▸ **TASK DETAILS**:
Return the records word for word. Any pictures in them are not part of the copy.

━━━━━━━━━━━━━━━━━━━━━━━━━━━━━━

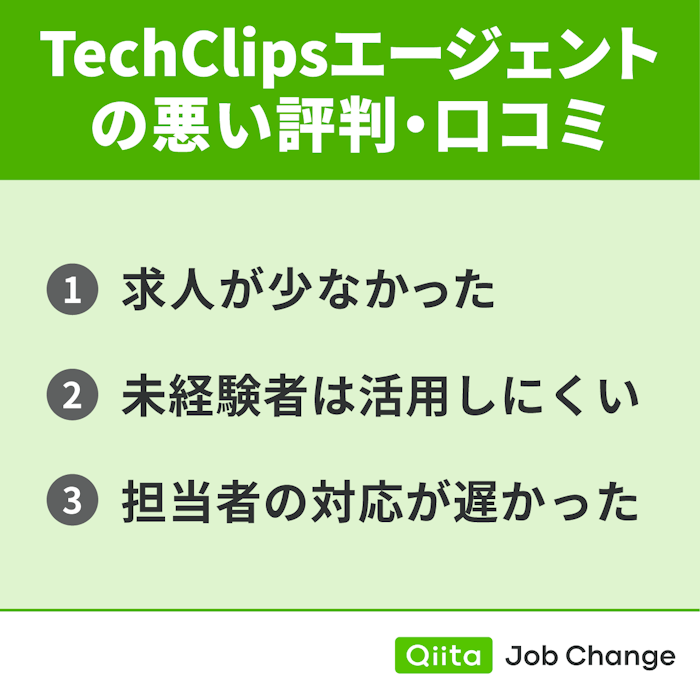TechClipsエージェントの悪い評判・口コミ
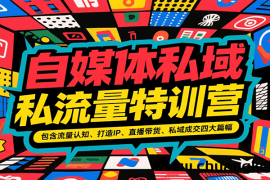 自媒体私域流量特训营，包含流量认知、打造IP、直播带货、私域成交四大篇幅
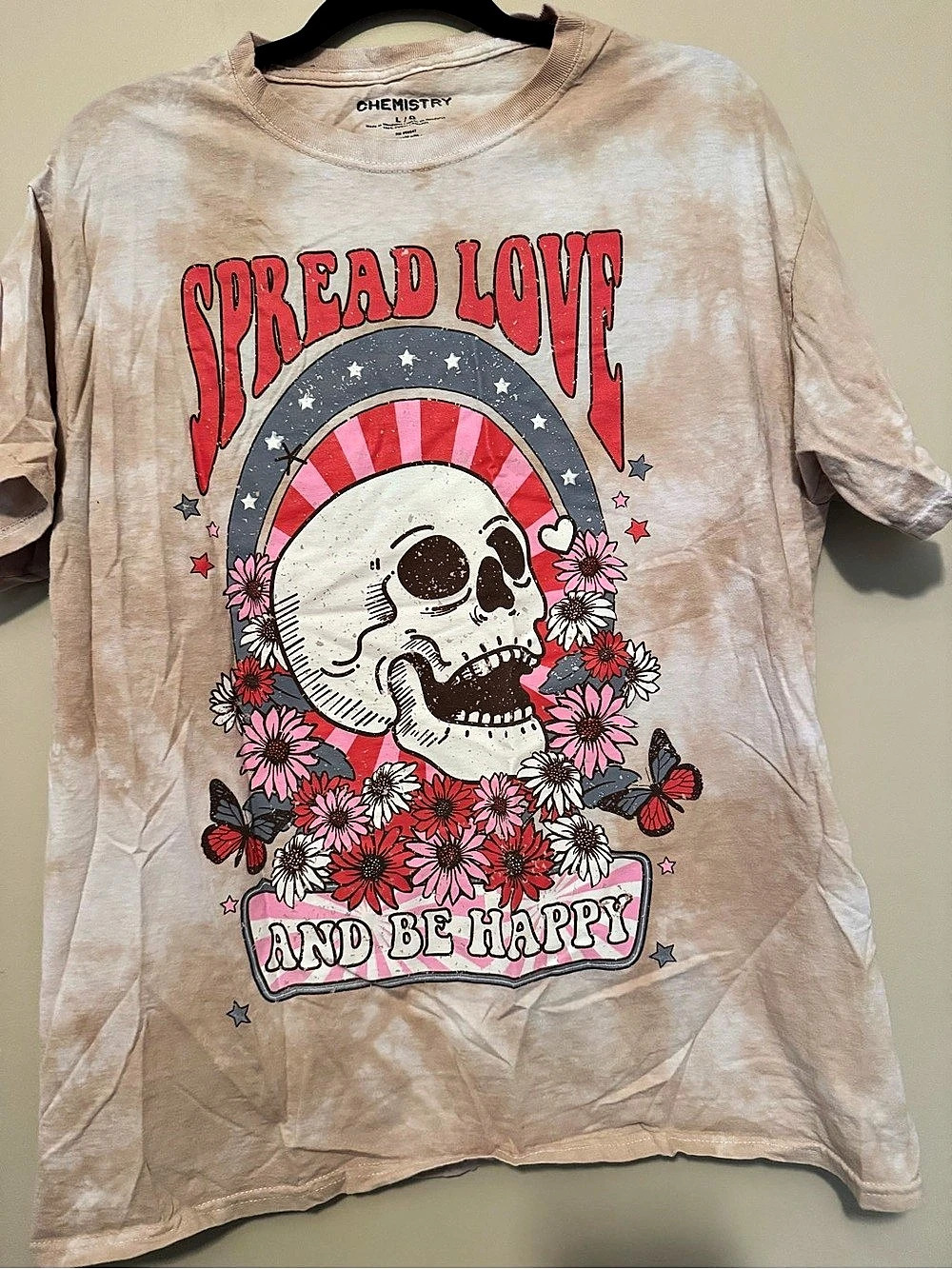 Chemistry Spread Love And Be Happy Skull Flower Tie Dye Graphic Tee Pink Large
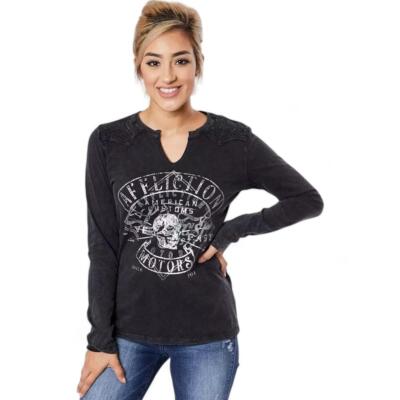 New Women's Affliction Motors American Customs Black L/S w/Stones T-Shirt XS-XL
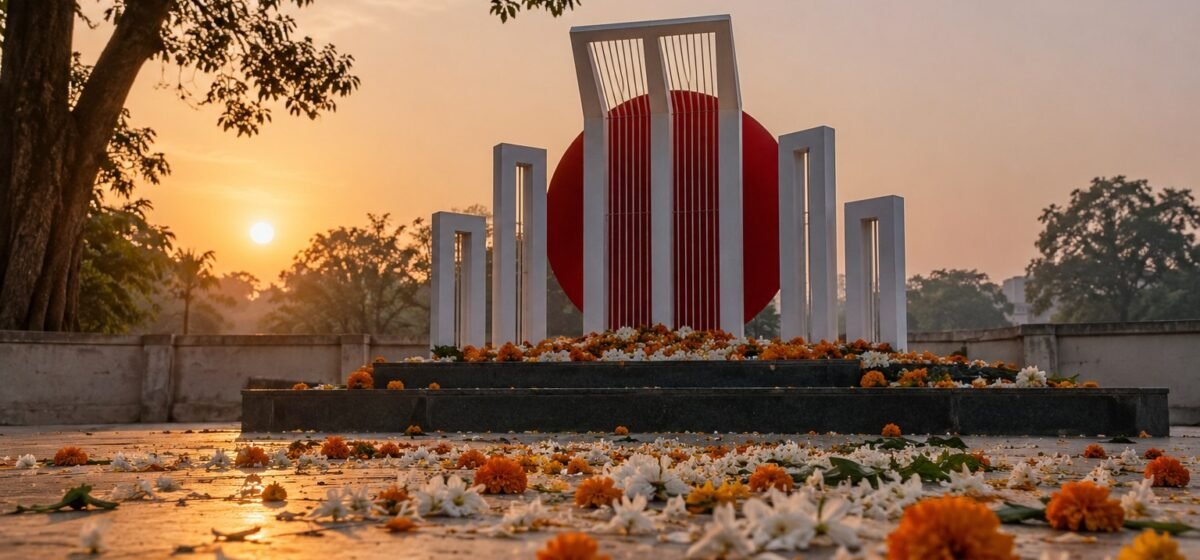 Fiori accanto a un monumento simbolico per la Giornata della lingua madre.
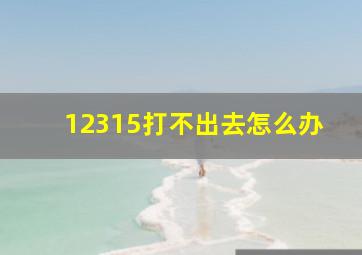 12315打不出去怎么办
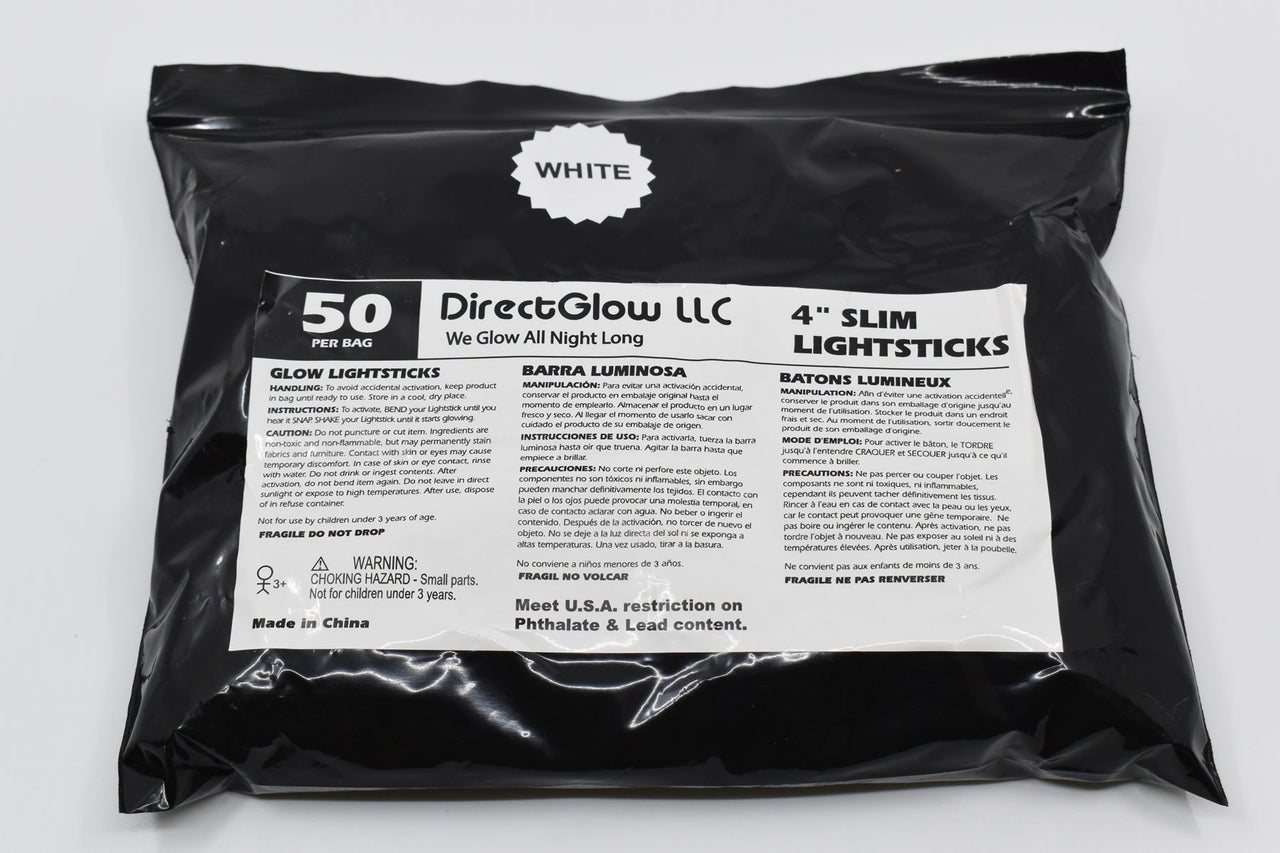 4 inch 10mm White Glow Sticks- 50 Per Package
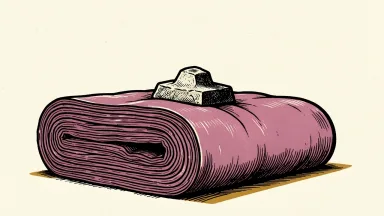 Owens Corning downgraded by RBC Capital Markets: a heavy stone weight rests on a roll of pink fiberglass insulation.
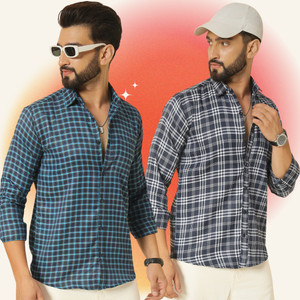blue martin men regular fit checkered spread collar casual shirt pack of 2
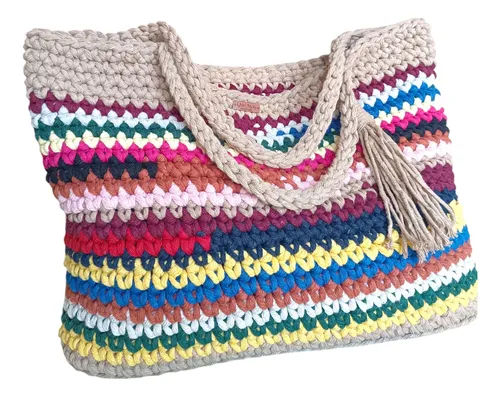 bolsa croche colorida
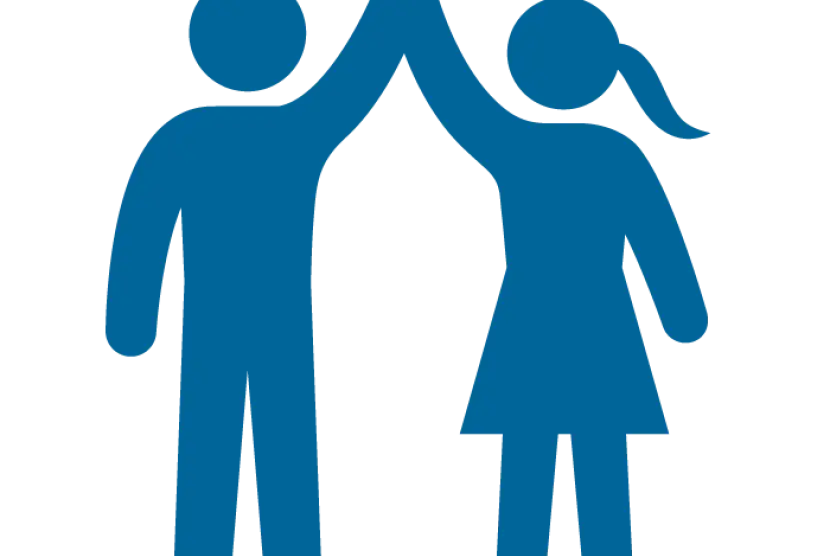 Blue High-Five Silhouette for Teamwork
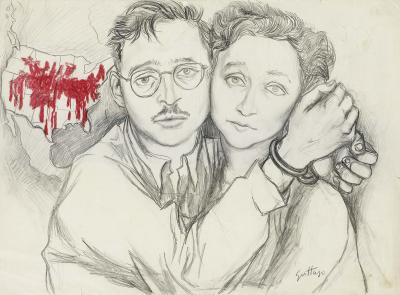 Renato Guttuso - Julius ed Ethel Rosenberg Matita e pastello su carta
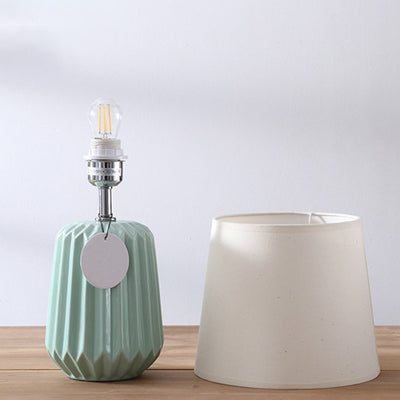 Contemporary Nordic Ceramic And Fabric 1-Light Table Lamp With Soft, Even Light For Bedroom & Living Room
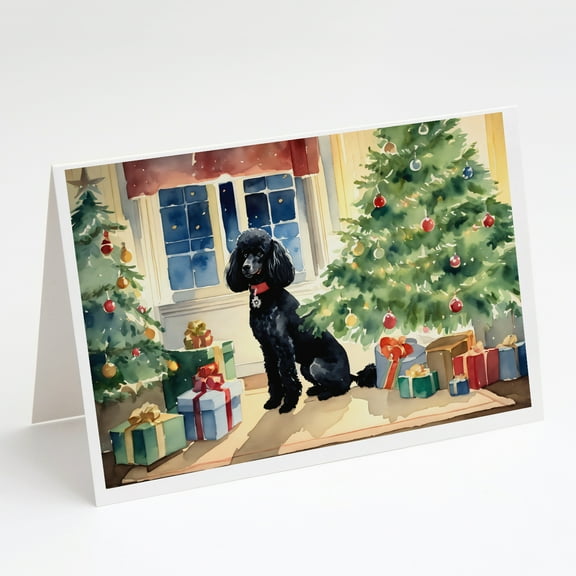 Poodle Cozy Christmas Greeting Cards Pack of 8 7 in x 5 in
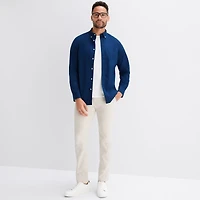 St. John's Bay Poplin Mens Long Sleeve Classic Fit Button-Down Shirt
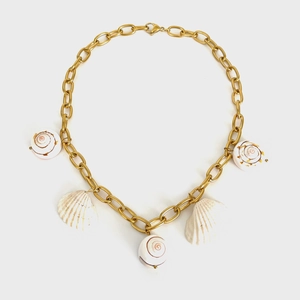 Gold chunky chain necklace featuring natural seashell charms on a white background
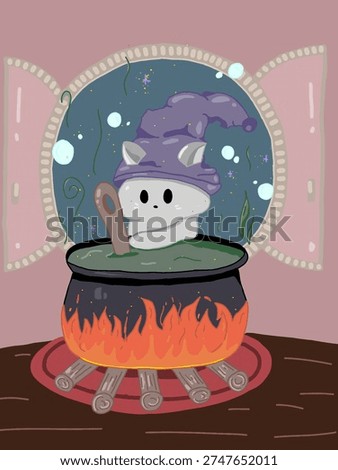 Witch cat making a potion for halloween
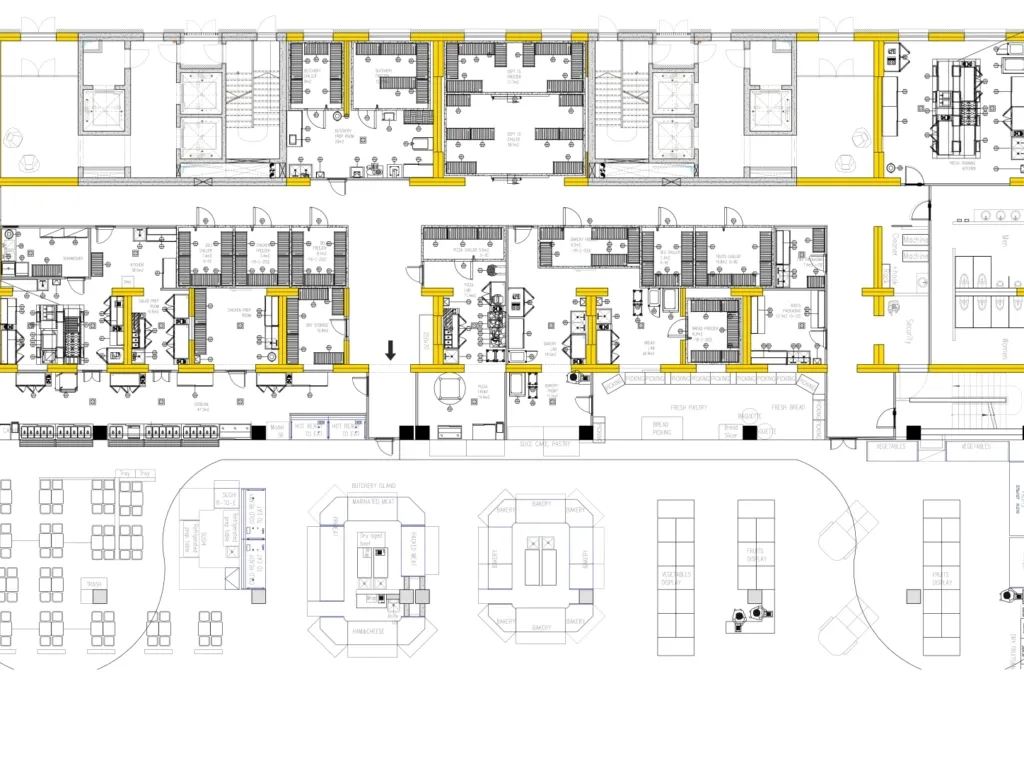 CAD-планировка профессиональной кухни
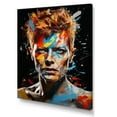 thumbnail image 2 of Designart "David Bowie Portrait in Paint Fusion II" Fashion Canvas Wall Art - Glam Red Pop Art Entryway Wall Art, 2 of 6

━━━━━━━━━━━━━━━━━━━━━━━━━━━━━━

▸ **RESPONSE AREA**:
TechClipsエージェントの悪い評判・口コミ
 自媒体私域流量特训营，包含流量认知、打造IP、直播带货、私域成交四大篇幅
 Chemistry Spread Love And Be Happy Skull Flower Tie Dye Graphic Tee Pink Large
 New Women's Affliction Motors American Customs Black L/S w/Stones T-Shirt XS-XL
 Fiori accanto a un monumento simbolico per la Giornata della lingua madre.
 12315打不出去怎么办
 4 inch 10mm White Glow Sticks- 50 Per Package
 Owens Corning downgraded by RBC Capital Markets: a heavy stone weight rests on a roll of pink fiberglass insulation.
blue martin men regular fit checkered spread collar casual shirt pack of 2
 bolsa croche colorida
 Blue High-Five Silhouette for Teamwork
 Renato Guttuso - Julius ed Ethel Rosenberg Matita e pastello su carta
 Contemporary Nordic Ceramic And Fabric 1-Light Table Lamp With Soft, Even Light For Bedroom & Living Room
 Poodle Cozy Christmas Greeting Cards Pack of 8 7 in x 5 in
 St. John's Bay Poplin Mens Long Sleeve Classic Fit Button-Down Shirt
 Gold chunky chain necklace featuring natural seashell charms on a white background
 Witch cat making a potion for halloween
 CAD-планировка профессиональной кухни
 thumbnail image 2 of Designart "David Bowie Portrait in Paint Fusion II" Fashion Canvas Wall Art - Glam Red Pop Art Entryway Wall Art, 2 of 6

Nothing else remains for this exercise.